Source Control panel showing branch state, commit box, staged changes, unstaged changes, and history

Scope and Context

  • The panel is available when exactly one agent is selected.
  • Operations run in that agent's resolved working directory.
  • If the folder is not a Git repository, the panel shows a clear "Not a Git Repository" state with the affected workspace path, a reveal action, Initialize Repository to run git init, and Clone Repository... to clone a repository into that workspace.

Branch Bar

At the top, Wardian shows:

  • current branch name
  • ahead/behind indicators
  • checkout, fetch, pull, and push actions

This is a quick sync layer for checking divergence and moving changes without leaving the app. Use Checkout to... to switch to another local branch in the selected workspace, or choose Create Branch... from that menu to create and check out a new local branch. Use Fetch to update remote-tracking refs without merging. If the selected branch has not been published yet, the push action publishes it to origin and sets the upstream branch.

The overflow action menu is grouped into Branch, Sync, View, and Stash submenus so secondary actions stay available without crowding the Source Control title row.

Use the Stash submenu for common stash operations. Stash Changes parks tracked changes, Stash Changes Including Untracked also includes new untracked files, Stash Staged parks only staged changes while leaving unstaged edits in the workspace, Apply Latest Stash applies the latest stash while keeping it in the stash list, Apply Stash... lets you choose a specific stash to apply while keeping it in the stash list, and Pop Latest Stash applies the latest stash back onto the selected workspace and drops it from the stash list. Pop Stash... lets you choose the stash entry to apply and remove. Use View Stash... to choose a stash entry and inspect its patch in the diff viewer without applying it. Use Drop Stash... to choose and remove one stash entry after confirming the destructive action. Use Drop All Stashes... to clear every stash entry for the selected workspace after confirming the destructive action.

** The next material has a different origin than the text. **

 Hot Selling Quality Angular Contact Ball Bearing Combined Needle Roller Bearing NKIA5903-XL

When Wardian is refreshing Git status or running source-control operations, the Source Control rail icon shows activity and the panel keeps the current file list visible with a live progress row.

Use the refresh control in the branch bar to reload both working-tree status and history on demand.

File Sections

The panel groups files into:

  • Merge Changes (unresolved conflict states)
  • Staged Changes
  • Changes (unstaged tracked files)
  • Untracked

Nested paths render as an expandable tree by default. Use Use Tree View or Use List View in the Source Control overflow menu's View submenu to switch presentation; Wardian remembers the choice for each repository root.

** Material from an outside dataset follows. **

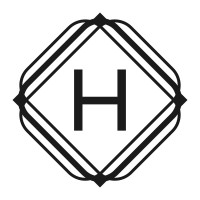 Holts Gems Logo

Within each section, files are ordered for scanability by default: conflict states first, modified/copied/type-changed files next, then ordinary added/deleted/renamed/untracked files by path. Use Sort by Path, Sort by Name, or Sort by Status in the Source Control overflow menu's View submenu to choose the resource ordering. Wardian remembers the sort mode for each repository root. Tree mode keeps directories grouped while applying the selected ordering inside each folder.

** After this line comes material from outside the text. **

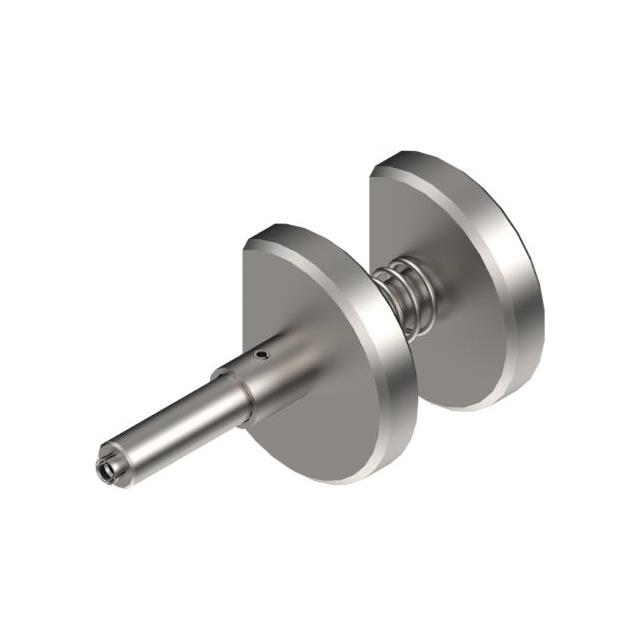 product Photo 500-32-052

Available actions include:

  • stage / unstage
  • stage tracked changes / stage untracked changes / unstage staged changes
  • discard tracked edits and untracked resources
  • open file diff
  • open files in the configured external editor
  • reveal files in the Explorer view

Right-click a group header for the matching batch action. Wardian scopes those actions to the group you clicked, so staging Changes does not also stage Untracked files. The Changes and Untracked groups also expose Discard All Tracked Changes and Discard All Untracked Changes for cleaning the selected resource group after confirmation. The same discard actions appear as inline header buttons beside the stage-all controls.

Group header menus also include VS Code-style diff actions. Use Open Staged Changes, Open Changes, or Open Untracked Changes to inspect a combined diff for only that resource group.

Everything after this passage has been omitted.